After 25 years at Huntsman and convinced there was still a market for quality custom-tailored suits, Anderson in 2001 opened his eponymous shop at 13 Savile Row, with the idea of carrying on the old techniques with a modern twist. Today he says his 22-employee business is profitable, with revenue around £1 million ($1.65 million) and clients including Simon Cowell and Benicio del Toro. He recently published Bespoke: Savile Row Ripped and Smoothed (Simon & Schuster; September 2009), which has been described as a kind of Kitchen Confidential set in the world of tailoring. Anderson, 44, spoke to BusinessWeek Staff Writer Stacy Perman. Edited excerpts of their conversation follow.
In today's world, does bespoke tailoring still have appeal as a career choice?
Actually there has been quite a strong swing back with young kids going into the trade. We're now seen as fashionable. The BBC did a documentary, and it portrayed [Savile Row] in a really good light. A lot of the kids are sort of seeing the trade and apprenticing as a good way go. Tuition fees to go to university are exorbitant, [so] this holds good appeal.
What made you decide to start your own company?
Basically [Henry Huntsman & Sons] had been taken over. New management came on board, and it really was a signal to me. I was still at a young age. I felt that I had gone as far as I could at the time and thought I could take all that I had learned and put it in a fresh new setting.
What did you bring to your own house that set you apart from the other more established Savile Row firms?
When we moved into No. 13, the clientele had changed a little bit. We wanted to mirror what we learned at Huntsman in terms of quality, customer service, and the tradition of teaching young people, but put it into a mod context. We had younger customers, and we didn't want them to feel intimidated by the surroundings of a traditional shop. But we also didn't want to upset our older clientele. We created an inviting clean, white, bright, modern shop. We put the workshops in the center so customers could see us working and not hidden away in the basement like many of the shops.
We were a new name on the Row that experimented with slightly different, modern fabrics, and vibrant, brighter colors. We experimented with cotton and velvet, and we did big polo overcoats in check tweed.
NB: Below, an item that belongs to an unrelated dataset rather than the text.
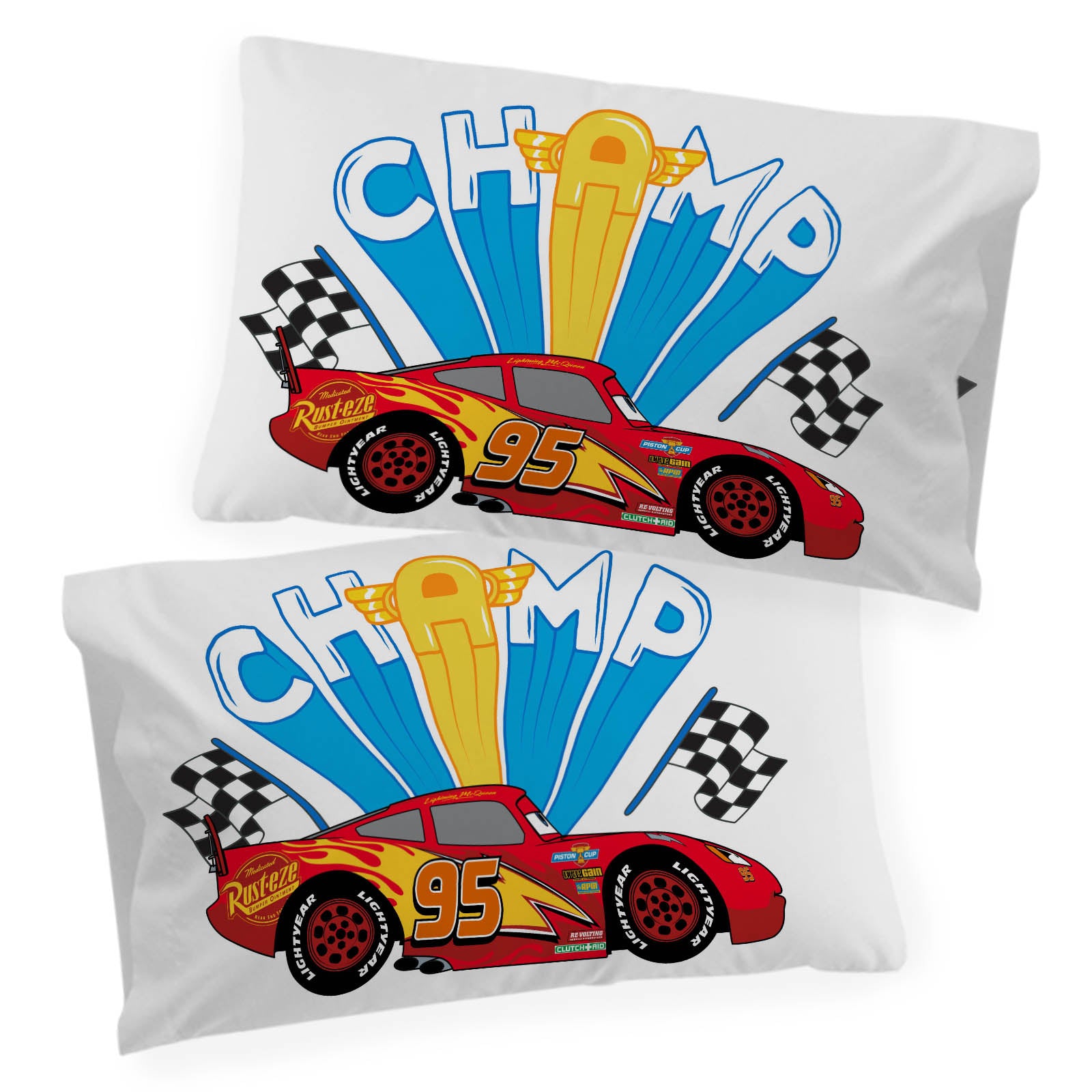 Sunny Side Up Disney Pixar Cars 2 Pack Pillowcase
In a way it was more fashionable than some.
When you first opened you put an ad in The Wall Street Journal announcing that you would be traveling to the U.S. to receive clients in 11 cities, and you came back with £75,000 ($123,948) in orders. This was a winning strategy—what was your thinking?
There is a kind of gentleman's agreement that if you leave a shop you don't go ring up all your clients and bring them on.